Your objective: Please repeat the lines below exactly. Begin with the line containing "Couverture ebook de" and go on through the line containing "Packer Collegiate Institute".

Saved data entries:
————

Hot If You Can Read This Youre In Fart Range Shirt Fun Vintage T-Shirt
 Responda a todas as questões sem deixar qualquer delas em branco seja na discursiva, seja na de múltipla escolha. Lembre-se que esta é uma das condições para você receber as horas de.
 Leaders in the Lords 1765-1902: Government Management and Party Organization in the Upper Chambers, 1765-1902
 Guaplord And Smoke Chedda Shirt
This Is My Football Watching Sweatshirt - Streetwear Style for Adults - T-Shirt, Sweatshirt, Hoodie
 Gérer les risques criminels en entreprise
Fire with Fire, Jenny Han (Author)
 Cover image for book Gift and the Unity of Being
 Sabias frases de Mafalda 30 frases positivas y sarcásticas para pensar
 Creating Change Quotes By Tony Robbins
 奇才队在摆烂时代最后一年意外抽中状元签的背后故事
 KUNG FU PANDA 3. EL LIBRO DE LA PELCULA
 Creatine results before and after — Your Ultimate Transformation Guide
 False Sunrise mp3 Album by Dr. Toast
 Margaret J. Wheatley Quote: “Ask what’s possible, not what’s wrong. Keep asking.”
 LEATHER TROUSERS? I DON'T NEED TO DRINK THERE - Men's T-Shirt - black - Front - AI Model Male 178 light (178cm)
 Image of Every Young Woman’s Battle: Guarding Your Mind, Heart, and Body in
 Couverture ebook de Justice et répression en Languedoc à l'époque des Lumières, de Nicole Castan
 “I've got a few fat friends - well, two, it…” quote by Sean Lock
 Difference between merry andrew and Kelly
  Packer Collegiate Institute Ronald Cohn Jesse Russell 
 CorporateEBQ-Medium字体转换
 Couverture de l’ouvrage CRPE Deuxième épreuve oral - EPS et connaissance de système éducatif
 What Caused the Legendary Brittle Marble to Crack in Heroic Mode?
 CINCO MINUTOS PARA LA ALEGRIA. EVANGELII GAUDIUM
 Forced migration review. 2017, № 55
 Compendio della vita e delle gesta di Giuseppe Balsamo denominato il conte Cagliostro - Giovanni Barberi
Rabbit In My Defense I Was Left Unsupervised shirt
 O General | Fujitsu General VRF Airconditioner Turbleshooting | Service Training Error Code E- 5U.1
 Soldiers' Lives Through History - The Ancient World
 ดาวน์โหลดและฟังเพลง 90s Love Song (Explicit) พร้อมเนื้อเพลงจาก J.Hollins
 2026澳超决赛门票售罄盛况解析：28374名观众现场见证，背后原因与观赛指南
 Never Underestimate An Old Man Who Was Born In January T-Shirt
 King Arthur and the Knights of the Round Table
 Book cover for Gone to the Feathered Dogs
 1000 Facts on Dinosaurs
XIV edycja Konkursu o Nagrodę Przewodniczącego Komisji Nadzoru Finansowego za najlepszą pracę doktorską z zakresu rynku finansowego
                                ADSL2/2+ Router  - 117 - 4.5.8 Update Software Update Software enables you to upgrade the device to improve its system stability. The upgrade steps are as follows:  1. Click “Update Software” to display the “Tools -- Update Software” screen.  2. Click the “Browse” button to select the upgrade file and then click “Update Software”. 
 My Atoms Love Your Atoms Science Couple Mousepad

————

Finished task:
 Couverture ebook de Justice et répression en Languedoc à l'époque des Lumières, de Nicole Castan
 “I've got a few fat friends - well, two, it…” quote by Sean Lock
 Difference between merry andrew and Kelly
  Packer Collegiate Institute Ronald Cohn Jesse Russell 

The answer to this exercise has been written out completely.